→ WORK ORDER:
Each line of the listing below must be retyped exactly, with images left out.

→ TASK MATERIAL:
........

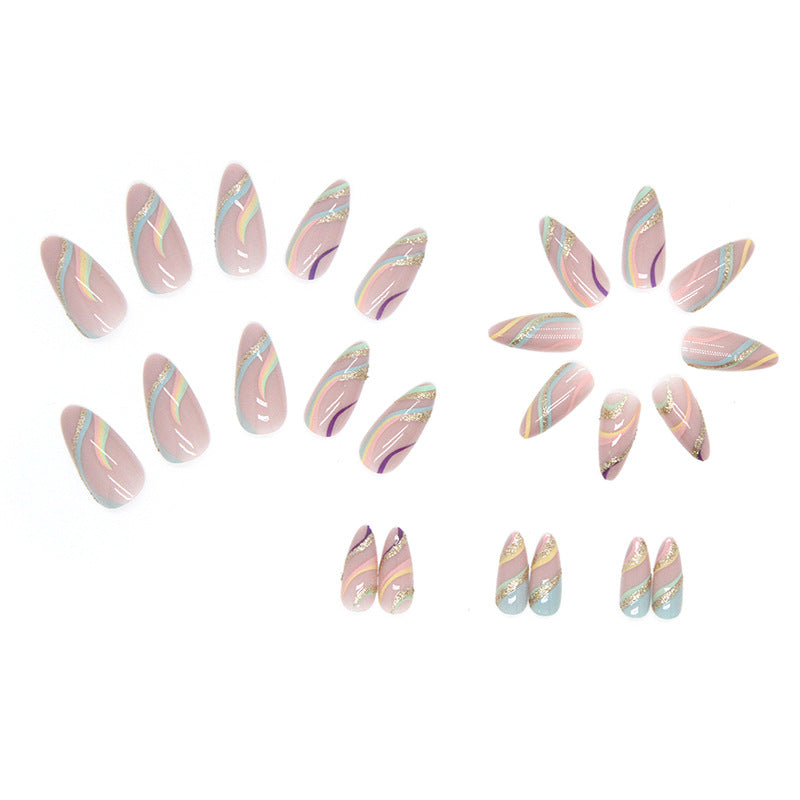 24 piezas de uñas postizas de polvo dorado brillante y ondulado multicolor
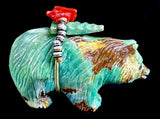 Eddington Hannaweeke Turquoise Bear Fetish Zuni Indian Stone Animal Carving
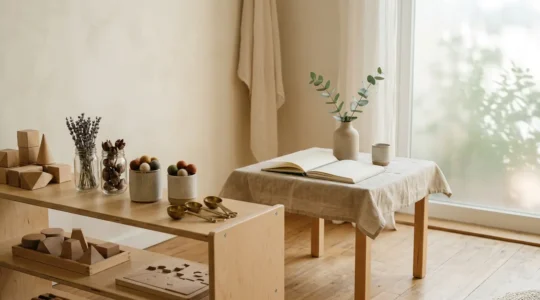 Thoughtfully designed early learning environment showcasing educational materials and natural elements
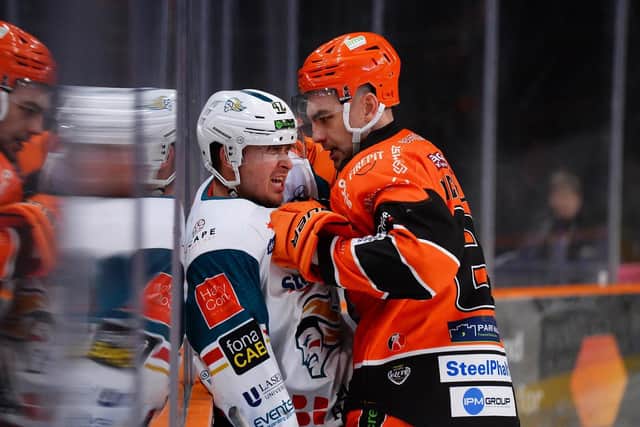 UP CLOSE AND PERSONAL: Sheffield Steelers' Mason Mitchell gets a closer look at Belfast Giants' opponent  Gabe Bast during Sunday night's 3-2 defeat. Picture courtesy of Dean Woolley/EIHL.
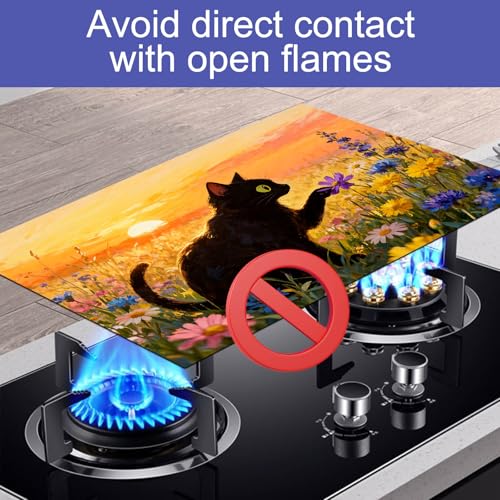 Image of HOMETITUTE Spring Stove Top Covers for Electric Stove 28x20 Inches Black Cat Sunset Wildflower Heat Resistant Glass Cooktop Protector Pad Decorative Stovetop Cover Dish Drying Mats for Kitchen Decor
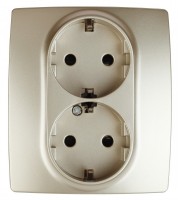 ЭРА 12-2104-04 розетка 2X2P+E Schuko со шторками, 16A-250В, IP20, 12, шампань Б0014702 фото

........

→ OUTPUT:
 24 piezas de uñas postizas de polvo dorado brillante y ondulado multicolor
 Eddington Hannaweeke Turquoise Bear Fetish Zuni Indian Stone Animal Carving
 Thoughtfully designed early learning environment showcasing educational materials and natural elements
 UP CLOSE AND PERSONAL: Sheffield Steelers' Mason Mitchell gets a closer look at Belfast Giants' opponent  Gabe Bast during Sunday night's 3-2 defeat. Picture courtesy of Dean Woolley/EIHL.
 Image of HOMETITUTE Spring Stove Top Covers for Electric Stove 28x20 Inches Black Cat Sunset Wildflower Heat Resistant Glass Cooktop Protector Pad Decorative Stovetop Cover Dish Drying Mats for Kitchen Decor
 ЭРА 12-2104-04 розетка 2X2P+E Schuko со шторками, 16A-250В, IP20, 12, шампань Б0014702 фото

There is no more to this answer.